GetReligion
Monday, April 14, 2025

Billy Graham

Turtle on a fence post? Concerning Billy Graham, St. Pope John Paul II, Bob Dylan and journalism

The Rev. Billy Graham must have told the turtle story a million times, so surely – somewhere in the tsunami of analog and digital news ink we will see tomorrow – there will be journalists who include it in their features marking the great evangelist's death.

Graham, 99, died Wednesday morning at the family's rambling log home in the mountains outside Asheville, N.C. They bought the land 60 years or so ago, when it cost next to nothing and that's where Billy and Ruth stayed. What will happen to it now? Getting to spend part of a day there while interviewing him was certainly one of the highlights of my reporting career.

But I digress. Members of the GetReligion team will start looking at the actual coverage of his life and career tomorrow. With only a few hours before deadline, I wrote my own piece on Graham and you can read it right here (with the permission of my Universal syndicate editors).

Please send us links to the good and the bad. Obviously, there is a massive package already at Christianity Today, which Graham founded long ago, and at The Charlotte Observer (main story here).

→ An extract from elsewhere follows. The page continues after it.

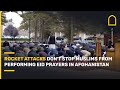 Sound On Rocket Attacks Don T Stop Muslims From Performing Eid Prayers In Afghanistan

Here is the main Associated Press story.

But let's return to the turtle and the fence post. Here is how I retold that story soon after the creation of this blog:

For decades, Graham has been asked – thousands of times, I am sure – why he has been so remarkably successful, preaching to more people in person than anyone else in history. Why have so many people, from the earliest days of his career, responded to his call to accept Jesus Christ as Savior? What's so special about Billy Graham?
At this point, Graham almost always offers the following explanation. If you are walking down a road, he says, and you happen to see a turtle sitting on top of a tall fence post, what would you assume? You would, of course, assume that the turtle did not climb up there on his own. You would assume that someone far larger than the turtle picked him up and then placed him atop the tall post for some mysterious reason.
Get the point? Clearly Graham did not get on top by his own merits.

That's a perfect example of Graham being folksy and safe, but there is content there if you think about it.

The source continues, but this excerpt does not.